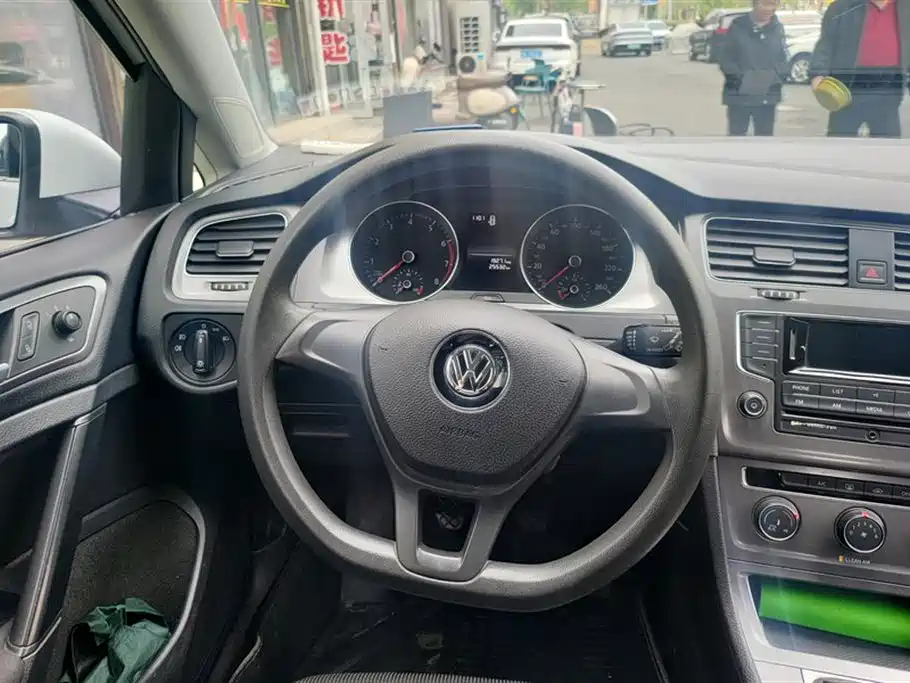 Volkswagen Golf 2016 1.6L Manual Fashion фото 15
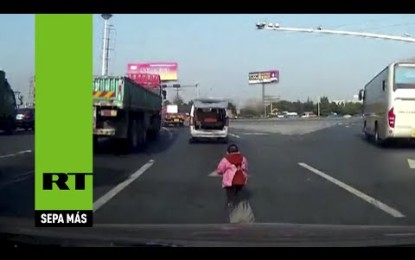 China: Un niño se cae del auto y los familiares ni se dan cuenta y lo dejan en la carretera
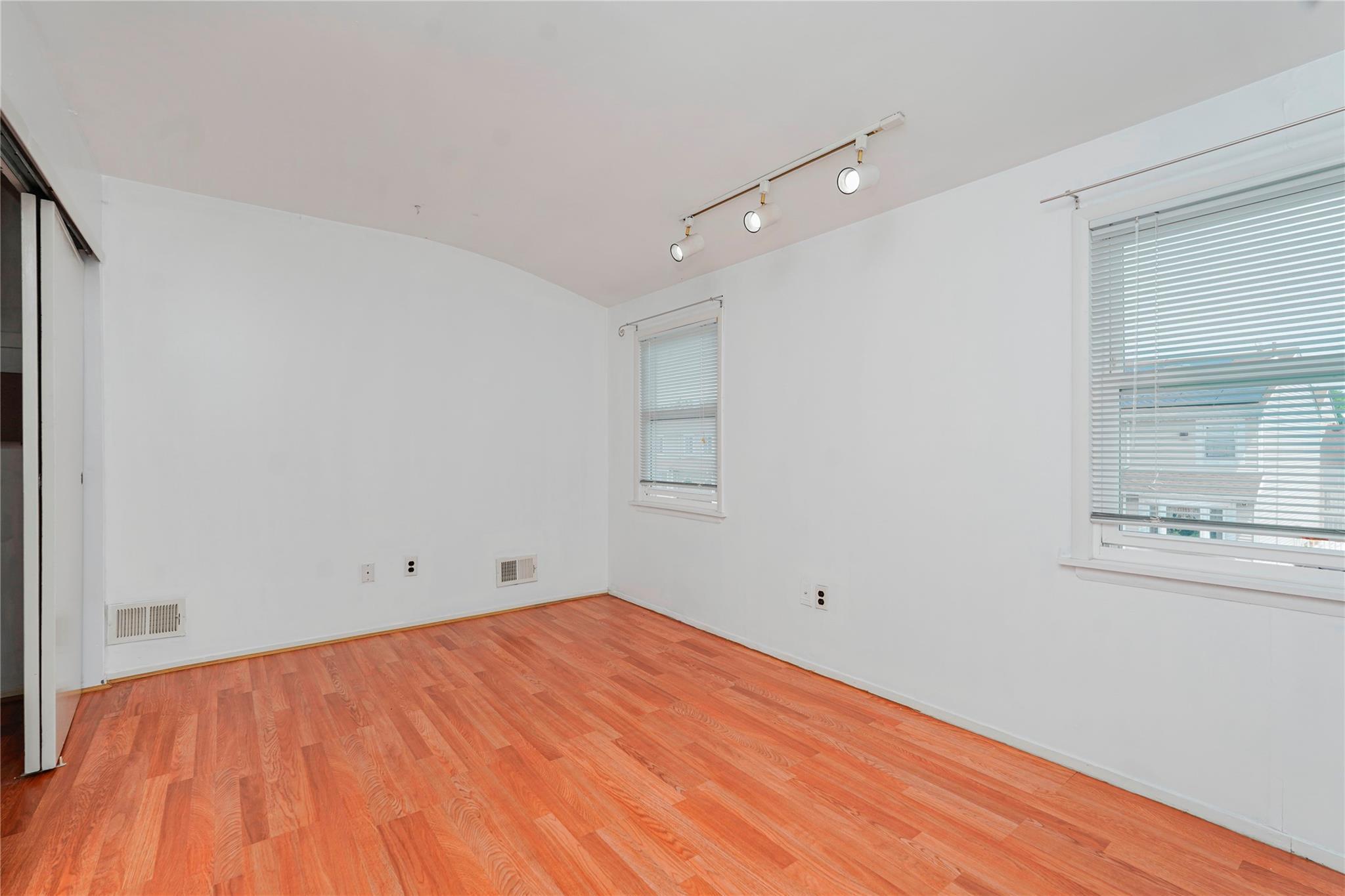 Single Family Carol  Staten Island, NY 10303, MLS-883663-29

------------------------------

The output must start at the line holding "China: Un niño", end at the last line of the listing above, and show each line exactly; please omit all pictures.

 China: Un niño se cae del auto y los familiares ni se dan cuenta y lo dejan en la carretera
 Single Family Carol  Staten Island, NY 10303, MLS-883663-29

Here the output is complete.